Although Black people comprise 47 percent of Washington’s population, 97 percent of people charged from 2013 to 2018 for being a felon in possession of a firearm were Black, according to the Vera Institute for Justice, a nonprofit focused on improving the justice system. That’s in part because Black residents are more likely to have prior felony convictions, particularly for drug charges. “There are a lot of societal and historical reasons — and ways that Black people across the country and in D.C. have been oppressed and marginalized — that produce the conditions that lead to these kinds of crimes,” said Akhi Johnson, a former D.C. assistant U.S. attorney who’s now a deputy director focusing on decarceration at Vera.

The policy runs counter to the elected City Council’s recent efforts to address punitive sentencing and over-policing of Black neighborhoods. Those efforts include sentencing alternatives and other initiatives to moderate punishment for defendants prosecuted in local court, but those reforms aren’t available to defendants in federal court. “You’re really just treating the symptom and not addressing the underlying issue,” Johnson said. 

Opponents’ hopes that the Department of Justice would rescind the policy when the president appointed Phillips, who had the support of Delegate Eleanor Holmes Norton, the city’s nonvoting representative in Congress. An advocate of statehood, Norton introduced legislation last year to give D.C. authority to prosecute local crimes. Optimism rose, too, when Biden wrote in a January executive order that there is a “broad consensus that our current system of mass incarceration imposes significant costs and hardships” and doesn’t make people safer.

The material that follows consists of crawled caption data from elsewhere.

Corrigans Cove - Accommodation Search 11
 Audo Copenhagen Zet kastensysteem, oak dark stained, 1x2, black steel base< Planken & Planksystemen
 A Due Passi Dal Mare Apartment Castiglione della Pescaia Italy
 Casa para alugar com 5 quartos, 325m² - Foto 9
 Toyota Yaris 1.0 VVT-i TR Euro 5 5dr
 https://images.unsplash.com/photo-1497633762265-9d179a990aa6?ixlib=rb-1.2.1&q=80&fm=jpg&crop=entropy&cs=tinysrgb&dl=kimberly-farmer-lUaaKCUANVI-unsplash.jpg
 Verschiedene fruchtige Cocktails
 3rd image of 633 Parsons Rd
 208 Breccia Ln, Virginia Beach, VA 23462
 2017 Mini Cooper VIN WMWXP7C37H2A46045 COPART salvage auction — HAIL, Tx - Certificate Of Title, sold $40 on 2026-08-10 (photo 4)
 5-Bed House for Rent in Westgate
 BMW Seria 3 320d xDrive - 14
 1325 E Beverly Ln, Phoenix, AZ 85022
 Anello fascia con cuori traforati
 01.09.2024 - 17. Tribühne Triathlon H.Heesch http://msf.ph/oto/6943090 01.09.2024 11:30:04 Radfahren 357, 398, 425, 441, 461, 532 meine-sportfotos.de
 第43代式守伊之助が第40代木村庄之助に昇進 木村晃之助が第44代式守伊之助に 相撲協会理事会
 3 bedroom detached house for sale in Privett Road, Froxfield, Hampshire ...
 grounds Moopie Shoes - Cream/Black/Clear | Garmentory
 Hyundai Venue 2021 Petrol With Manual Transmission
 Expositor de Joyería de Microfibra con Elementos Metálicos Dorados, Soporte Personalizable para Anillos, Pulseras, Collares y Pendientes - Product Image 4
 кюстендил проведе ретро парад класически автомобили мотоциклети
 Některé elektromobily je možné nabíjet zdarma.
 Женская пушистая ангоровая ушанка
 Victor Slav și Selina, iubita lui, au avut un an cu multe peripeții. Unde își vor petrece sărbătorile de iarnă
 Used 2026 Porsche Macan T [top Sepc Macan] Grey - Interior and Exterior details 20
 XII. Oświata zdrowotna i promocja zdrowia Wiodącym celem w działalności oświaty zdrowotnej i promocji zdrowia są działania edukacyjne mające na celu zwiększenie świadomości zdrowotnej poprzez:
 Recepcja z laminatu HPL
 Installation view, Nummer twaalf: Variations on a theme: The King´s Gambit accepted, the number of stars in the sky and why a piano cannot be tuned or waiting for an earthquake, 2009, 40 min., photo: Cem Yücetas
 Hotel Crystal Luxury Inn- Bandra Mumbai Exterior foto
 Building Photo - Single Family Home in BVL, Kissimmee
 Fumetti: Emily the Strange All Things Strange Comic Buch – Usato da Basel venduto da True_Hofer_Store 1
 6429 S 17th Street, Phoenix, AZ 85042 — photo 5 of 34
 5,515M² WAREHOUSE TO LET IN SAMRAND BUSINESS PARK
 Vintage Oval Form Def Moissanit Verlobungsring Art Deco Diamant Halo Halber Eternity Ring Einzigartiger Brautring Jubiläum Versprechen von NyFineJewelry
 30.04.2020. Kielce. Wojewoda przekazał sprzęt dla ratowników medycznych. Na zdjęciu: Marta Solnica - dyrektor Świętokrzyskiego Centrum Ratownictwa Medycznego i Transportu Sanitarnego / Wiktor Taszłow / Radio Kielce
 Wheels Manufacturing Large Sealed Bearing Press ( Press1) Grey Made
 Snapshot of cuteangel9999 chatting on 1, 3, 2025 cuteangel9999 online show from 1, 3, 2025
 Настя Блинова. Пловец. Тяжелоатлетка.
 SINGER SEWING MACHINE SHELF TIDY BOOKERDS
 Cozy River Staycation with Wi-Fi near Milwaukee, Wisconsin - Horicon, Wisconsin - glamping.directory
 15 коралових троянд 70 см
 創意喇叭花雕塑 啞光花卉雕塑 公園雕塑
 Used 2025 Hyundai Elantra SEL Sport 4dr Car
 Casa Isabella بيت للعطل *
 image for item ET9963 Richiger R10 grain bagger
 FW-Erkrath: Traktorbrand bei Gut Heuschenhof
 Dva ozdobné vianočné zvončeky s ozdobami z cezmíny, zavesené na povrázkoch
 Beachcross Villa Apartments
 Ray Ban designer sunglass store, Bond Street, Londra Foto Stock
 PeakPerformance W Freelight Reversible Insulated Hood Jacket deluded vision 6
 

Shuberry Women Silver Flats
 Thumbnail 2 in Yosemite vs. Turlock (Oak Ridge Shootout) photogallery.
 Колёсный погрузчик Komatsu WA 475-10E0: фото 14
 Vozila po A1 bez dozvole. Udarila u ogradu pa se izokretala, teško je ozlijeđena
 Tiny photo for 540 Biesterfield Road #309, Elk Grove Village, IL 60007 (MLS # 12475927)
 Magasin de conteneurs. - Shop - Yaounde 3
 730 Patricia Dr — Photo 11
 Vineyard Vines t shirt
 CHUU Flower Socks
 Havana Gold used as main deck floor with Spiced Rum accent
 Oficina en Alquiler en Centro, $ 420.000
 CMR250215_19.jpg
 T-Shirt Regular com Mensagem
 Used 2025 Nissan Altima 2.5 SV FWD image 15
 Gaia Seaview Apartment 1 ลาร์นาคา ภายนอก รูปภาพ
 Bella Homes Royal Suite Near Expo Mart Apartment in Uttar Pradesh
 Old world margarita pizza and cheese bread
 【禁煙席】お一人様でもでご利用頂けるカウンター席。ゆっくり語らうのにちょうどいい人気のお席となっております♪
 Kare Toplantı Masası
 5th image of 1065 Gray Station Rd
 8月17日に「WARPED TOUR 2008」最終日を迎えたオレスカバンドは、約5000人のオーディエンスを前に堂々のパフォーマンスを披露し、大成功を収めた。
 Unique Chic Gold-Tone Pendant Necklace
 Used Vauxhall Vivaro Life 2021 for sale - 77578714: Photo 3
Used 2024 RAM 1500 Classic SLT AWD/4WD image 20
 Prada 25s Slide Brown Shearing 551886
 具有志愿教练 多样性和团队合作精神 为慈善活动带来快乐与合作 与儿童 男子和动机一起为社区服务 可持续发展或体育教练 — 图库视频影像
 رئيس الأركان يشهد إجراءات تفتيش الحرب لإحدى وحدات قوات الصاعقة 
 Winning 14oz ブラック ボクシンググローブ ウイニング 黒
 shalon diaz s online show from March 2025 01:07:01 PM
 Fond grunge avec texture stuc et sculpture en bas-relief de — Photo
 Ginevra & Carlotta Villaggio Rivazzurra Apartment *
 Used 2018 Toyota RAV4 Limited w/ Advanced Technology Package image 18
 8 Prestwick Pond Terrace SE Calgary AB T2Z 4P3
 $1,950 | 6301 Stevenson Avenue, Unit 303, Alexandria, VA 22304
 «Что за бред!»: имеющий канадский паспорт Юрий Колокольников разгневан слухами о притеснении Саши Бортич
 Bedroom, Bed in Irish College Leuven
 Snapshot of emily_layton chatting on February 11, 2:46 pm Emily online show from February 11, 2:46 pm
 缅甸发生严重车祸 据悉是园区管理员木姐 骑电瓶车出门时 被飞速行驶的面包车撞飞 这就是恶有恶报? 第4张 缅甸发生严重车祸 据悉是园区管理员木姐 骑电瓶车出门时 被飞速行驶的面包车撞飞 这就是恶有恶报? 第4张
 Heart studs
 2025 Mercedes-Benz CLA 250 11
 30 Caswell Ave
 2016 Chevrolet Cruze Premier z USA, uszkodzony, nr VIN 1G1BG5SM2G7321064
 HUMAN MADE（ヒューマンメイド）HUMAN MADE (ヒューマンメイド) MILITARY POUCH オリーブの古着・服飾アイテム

Scott Michelman, the legal director of the ACLU of D.C., said Biden ran a campaign that promised serious criminal justice and civil rights reforms. “The intersection of those two areas is right here in the District of Columbia,” he said. “I would have expected a Biden appointee to disavow this policy, to come out strongly against it as racist and an affront to the political self-determination of the people of the district.”

Norton is leading a federal nominations commission that recommended a candidate for Biden to nominate as permanent U.S. attorney.